A corporation suspended under the Corporation Code or the Revenue and Taxation Code is not allowed to exercise any of the powers and privileges of a corporation in good standing, including the right to sue or defend a lawsuit. See, e.g., Performance Plastering v. Richmond Am. Homes of Cal., Inc., 153 Cal. App. 4th 659, 668, 63 Cal. Rptr. 537, 545 (3d Dist. 2007) (Revenue and Taxation Code); Palm Valley Homeowners Ass’n v. Design MTC, 85 Cal. App. 4th 553, 560, 102 Cal. Rptr. 2d 350, 354-55 (4th Dist. 2000) (review denied) (Corporation Code). In fact, a suspended corporation may not transact business “of any kind.” Leasequip, Inc. v. Dapeer, 103 Cal. App. 4th 394, 403, 126 Cal. Rptr. 2d 782, 789 (2d Dist. 2002) (review denied); see also Cal. Rev. & Tax. Code § 23302(d) (a suspended corporation cannot sell, transfer, or exchange real property during the period of its suspension). Moreover, any contract made by a corporation suspended under the Revenue and Taxation Code is voidable by the other party to the contract. See Cal. Rev. & Tax. Code § 23304.1(a); Performance Plastering v. Richmond Am. Homes of Cal., Inc., 153 Cal. App. 4th 659, 669, 63 Cal. Rptr. 537, 545 (3d Dist. 2007). It is even a criminal offense, punishable by a fine of between $250 and $1,000, or by a prison term not exceeding one year, or both, for any person to attempt to exercise the powers, rights, and privileges of a corporation suspended under the Revenue and Taxation Code. See Cal. Rev. & Tax. Code § 19719(a). Although a suspended corporation can seek relief from the voidability of its contracts by filing an application for such relief with the Franchise Tax Board and paying all unpaid tax, penalties, and interest, together with an additional penalty assessed by the Franchise Tax Board, see id. § 23305.1, the statute of limitations on any causes of action belonging to the corporation is not tolled during the period of its suspension, see Leasequip, Inc. v. Dapeer, 103 Cal. App. 4th 394, 403, 126 Cal. Rptr. 2d 782, 788 (2d Dist. 2002) (review denied) (if the statute of limitations runs out prior to revival of a corporation’s powers, the corporation’s actions are time-barred even if the complaint would otherwise have been timely). In sum, there are substantial legal consequences that may result if a corporation does not keep up with its Secretary of State filings.

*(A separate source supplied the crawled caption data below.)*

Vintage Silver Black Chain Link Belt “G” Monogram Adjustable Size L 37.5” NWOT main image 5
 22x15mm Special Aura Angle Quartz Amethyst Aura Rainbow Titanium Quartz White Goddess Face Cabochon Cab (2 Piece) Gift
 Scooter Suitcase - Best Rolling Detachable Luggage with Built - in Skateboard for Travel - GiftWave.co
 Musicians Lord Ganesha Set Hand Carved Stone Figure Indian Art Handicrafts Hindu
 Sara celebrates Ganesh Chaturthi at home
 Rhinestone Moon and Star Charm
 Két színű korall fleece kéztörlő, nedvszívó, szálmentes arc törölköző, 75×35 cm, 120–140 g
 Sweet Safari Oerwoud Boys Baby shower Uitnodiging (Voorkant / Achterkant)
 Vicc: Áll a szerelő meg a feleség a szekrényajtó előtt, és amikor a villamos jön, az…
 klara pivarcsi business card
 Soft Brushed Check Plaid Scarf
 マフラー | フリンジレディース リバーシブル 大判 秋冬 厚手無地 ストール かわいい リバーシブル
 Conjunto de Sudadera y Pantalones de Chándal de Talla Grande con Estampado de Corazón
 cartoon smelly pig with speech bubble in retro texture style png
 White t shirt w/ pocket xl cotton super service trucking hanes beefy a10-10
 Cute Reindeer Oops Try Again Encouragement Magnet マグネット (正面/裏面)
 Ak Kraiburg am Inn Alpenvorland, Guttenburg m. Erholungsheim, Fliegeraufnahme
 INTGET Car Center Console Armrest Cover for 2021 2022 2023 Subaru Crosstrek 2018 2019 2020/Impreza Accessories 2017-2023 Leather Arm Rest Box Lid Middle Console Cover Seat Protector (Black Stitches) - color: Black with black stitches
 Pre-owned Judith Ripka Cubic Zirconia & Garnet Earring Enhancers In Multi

And there are practical consequences as well. Even if the corporation is not suspended, parties to a proposed transaction will not close the deal if the corporation has not made all of its required filings and is not in good standing. It will, at least, be an enormous headache to obtain a costly legal solution to the problem at the last minute, and, if it cannot be resolved in time, the deal may even fall through permanently. Add to that the stigma of being perceived as doing business in a lax fashion by not making filings that are a matter of public record for all to see, and the corporation’s hard-earned reputation may take an unwanted hit. (For more on the practical consequences of not completing necessary filings in a timely fashion, see Risky Business: What You Need to Know About Corporate Compliance. These are risks that are not worth taking when it is a relatively simple matter to institute a corporate compliance program to insure that all Secretary of State filings are timely made.